The interface to numtostring() is a C-like interface. Apart from the choice of I/O operations in the main() test program shown in the question, the code could perfectly well be C instead of C++.
The requirement not to change the interface to numtostring() and for it to be recursive makes it messier and less efficient than it should be, doubly so if you're not allowed to use other library functions. In C++, you really shouldn't be mucking around with raw arrays of char and the like either. However, rules are rules. The code can be implemented without the numreverse() function — which fails when used to re-reverse numbers that end with one or more zeros (for example, 1000 reversed is 1, but 1 reversed is still 1, not 1000, or was that 100, 10, or even 1,000,000,000?).
The key trick with the recursion is to ensure that you have the base case identified and handled properly, and then that the recursive case builds on the base case. Here, the base case needs to be 'when the value is less than 10' and the recursive case (value at least 10) needs to get the string for the leading digits (corresponding to the value divided by 10) and then append a final digit.

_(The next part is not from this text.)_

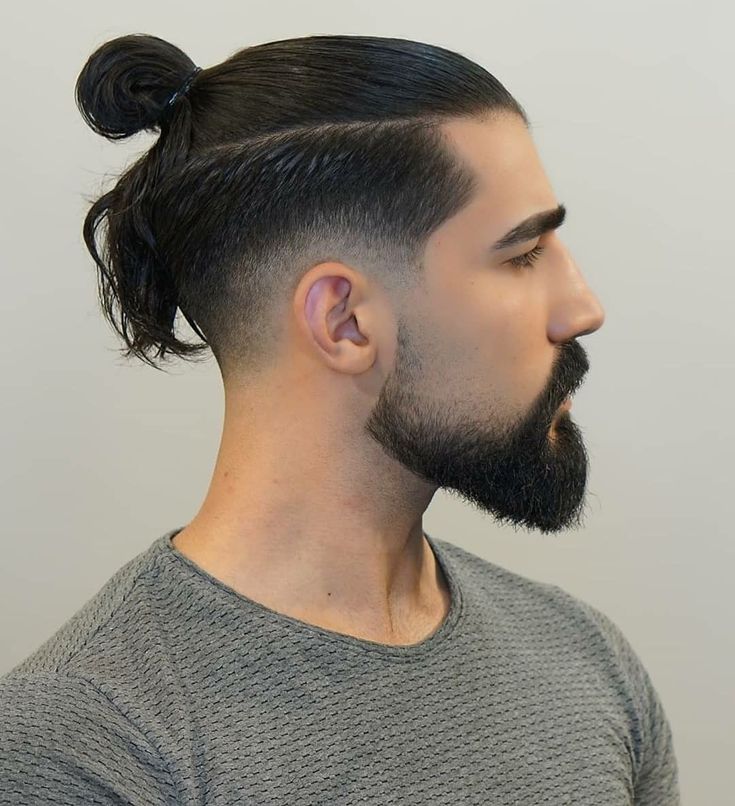 corte degradê masculino com coque samurai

What makes it tricky is that the function can't assume anything about str except 'the pointer is to modifiable memory' and 'there is enough space to hold the number being formatted plus a terminal null' when it is first called. In particular, it can't assume that str has a null byte at the beginning. So, the base case must ensure that the string is null terminated; the recursive case must append to the 'known to be null terminated' string. This means that the code runs slower than it might with less stringent constraints because the recursive case has to find the end of the string to append its digits.
#include <iostream>
#include <cstring> // memset() - used in test code
using namespace std;
void numtostring(unsigned int n, char str[]);
int main()
{
int v;
while (cin >> v)
{
char n[32];
memset(n, '\xA5', sizeof(n));
numtostring(v, n);
cout << v << " == [" << n << "]\n";
}
}
void numtostring(unsigned int n, char str[])
{
if (n > 9)
{
numtostring(n / 10, str);
while (*str != '\0')
str++;
*str++ = n % 10 + '0';
*str = '\0';
}
else
{
*str++ = n % 10 + '0';
*str = '\0';
}
}
Sample run:
$ n2s < data.n2s
0 == [0]
1 == [1]
2 == [2]
3 == [3]
4 == [4]
5 == [5]
6 == [6]
7 == [7]
8 == [8]
9 == [9]
10 == [10]
11 == [11]
99 == [99]
100 == [100]
999 == [999]
1000 == [1000]
1001 == [1001]
1002 == [1002]
$
(The program source was in n2s.cpp and was compiled into program n2s, and the numbers to be converted were stored in data.n2s. The square brackets, and the memset() operation, simply ensure that the data is properly set by the formatting function.)
Code review helps
There's an ugly repetition in numtostring() above, and a little more thought shows that it is not only ugly but also unnecessary. A more streamlined version of the code is:
void numtostring(unsigned int n, char str[])
{
if (n > 9)
{
numtostring(n / 10, str);
while (*str != '\0')
str++;
}
*str++ = n % 10 + '0';
*str = '\0';
}
The while loop is a nuisance but necessary.
Using a helper function
Since numreverse() was allowed, it seems clear that the code could use functions that were written as part of the solution, so a more efficient solution uses a recursive helper function, but this solution also contravenes the rules because numreverse() is no longer itself recursive.
#include <iostream>
#include <cstring> // memset() - used in test code
using namespace std;
void numtostring(unsigned int n, char str[]);
int main()
{
int v;
while (cin >> v)
{
char n[32];
memset(n, '\xA5', sizeof(n));
numtostring(v, n);
cout << v << " == [" << n << "]\n";
}
}
static char *n2s_helper(unsigned int n, char *str)
{
if (n > 9)
str = n2s_helper(n / 10, str);
*str = n % 10 + '0';
return str + 1;
}
void numtostring(unsigned int n, char str[])
{
str = n2s_helper(n, str);
*str = '\0';
}
For the same input, it produces the same output. It is more efficient because it only writes one null byte into the result string, and because it doesn't need to find the end of the string each time it needs to add a digit. It would take a lot of conversions to spot the difference in performance, of course.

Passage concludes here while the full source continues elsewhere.